Prontos para outros 20 meses desafiadores, o setor produtivo e seus representantes poupam energia para entrar saudáveis no próximo ciclo econômico, previsto só para 2023. Uma das maiores holdings de franquias do País tem um plano traçado de crescimento. Mas ele só começa em 2023. “Até lá nosso objetivo é não perder franqueados, lojas, nem marcas”, disse. De acordo com essa liderança, que comanda mais de dez marcas no Brasil, eles suspenderam a inauguração de novas unidades este ano. Para 2022, as aberturas serão controladas. “Tudo será altamente premeditado. Não há espaço para erros neste momento”. E mesmo que a vacinação em massa ocorra ao longo do ano, a expectativa é que nada de muito diferente aconteça em 2022. “Ainda que haja a vacinação, dificilmente a renda voltará em 2022. ”, afirma.

Há setores que sofrem ainda mais, pois a interlocução com o Poder Executivo é inevitável. Também em condição de anonimato – posicionar-se abertamente contrário a um governo de Jair Bolsonaro pode provocar todo tipo de reação do presidente –, um grande empresário do ramo da construção civil afirmou ter sido procurado por assessores palacianos para tratar sobre a reativação do programa habitacional Minha Casa Minha Vida, que na época estava em vias de mudar de nome para Minha Casa Verde e Amarela. Depois de declinar o convite o empresário conta que os planos de investimentos de modo geral ficaram congelados. “Nós crescemos muito com habitação popular e agora o mercado está parado”, disse. Na avaliação do empresário ainda que haja crédito no mercado levará entre dois e quatro anos para que haja uma reação consistente. No ramo da tecnologia, nem mesmo a transformação em curso basta para sustentar um otimismo exacerbado. O fundador de uma das maiores empresas brasileiras do setor confidenciou à reportagem o temor de precisar rever o projeto de internacionalização da empresa. “Tinhamos planos de chegar ano que vem nos Estados Unidos com um projeto em Miami para latinos. O plano precisou ser revisto para 2024”, disse.

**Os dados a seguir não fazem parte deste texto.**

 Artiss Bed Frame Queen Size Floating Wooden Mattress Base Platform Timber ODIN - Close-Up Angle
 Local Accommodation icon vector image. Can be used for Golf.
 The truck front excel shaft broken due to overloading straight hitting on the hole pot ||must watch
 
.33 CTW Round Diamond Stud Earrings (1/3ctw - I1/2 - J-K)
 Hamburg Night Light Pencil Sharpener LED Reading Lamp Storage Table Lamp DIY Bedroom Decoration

Esse tipo de afirmação mostra a desconfiança dos empresários nos caminhos que a economia vem tomando. O estilo Jair dinamitou qualquer traço de confiança. E confiança é a base para qualquer negócio. Hoje temos bolsonaristas convictos, os que não querem se indispor e os que transitam entre a confiança a repulsa. Para Elsio Carlos Lins, ex-secretário de políticas de fomento empresarial do extinto Ministério de Desenvolvimento, Indústria e Comércio Exterior, o jantar de 7 de abril deu pistas de que o presidente Jair se apequenou aos olhos do capital. “A maior prova disso é que nenhum deles veio a público confirmar qualquer tipo de apoio à Bolsonaro”, disse. Em sua avaliação, não há, desde o começo do governo, grandes ligações entre empresas e a gestão federal. “O governo precisa ser parceiro do empresariado.”

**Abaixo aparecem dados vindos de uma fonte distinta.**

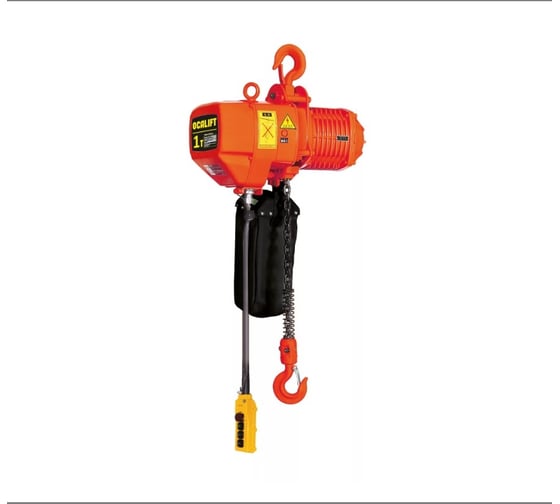 Таль OCALIFT 01-02D 1 т, 6 м, две скорости, 380в, электрическая, цепная, стационарная, на крюке oca0102dn6m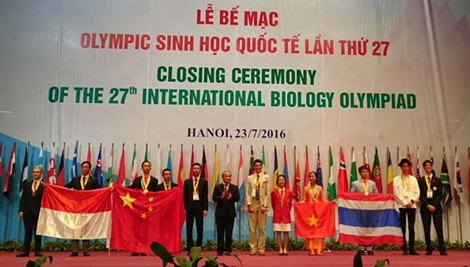  Việt Nam đoạt HCV tại cuộc thi Olimpic Sinh học quốc tế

LOJAS FECHADAS Em uma tentativa de atrair a simpatia dos empresários para o seu lado, Bolsonaro criticou política dos estados de fechar comércios. (Crédito: Igor do Vale)

SILÊNCIO A situação é tão desconcertante que mesmo as entidades empresariais parecem anestesiadas e sem ação. Procurados pela reportagem, Confederação Nacional do Agronegócio (CNA), Confederação Nacional do Comércio (CNC), Confederação Nacional da Indústria (CNI) e Federação Brasileira dos Bancos (Febraban) preferiram não entrar no tema. Ou deram respostas vagas como “a entidade colabora com a sociedade”. Isso pode ser um terreno perigoso. Não existe vácuo. Em momentos de crise, posicionamentos são a única forma de enfrentá-la. Isaías Lopreto, doutor em história do Brasil e professor da Universidade de Economia e Negócios do Chile, condena a opção. “As empresas precisam atravessar governos, por isso as entidades devem atuar nessa questão.” Segundo ele, historicamente as entidades agem em situações como esta. “A redemocratização foi comemorada. A Constituição também. Elas também pressionaram pela saída do Collor e pediram o impeachment de Dilma.” O silêncio e a paralisia de hoje terão seu preço. Assim como o de ontem nos privou de ter vacinas.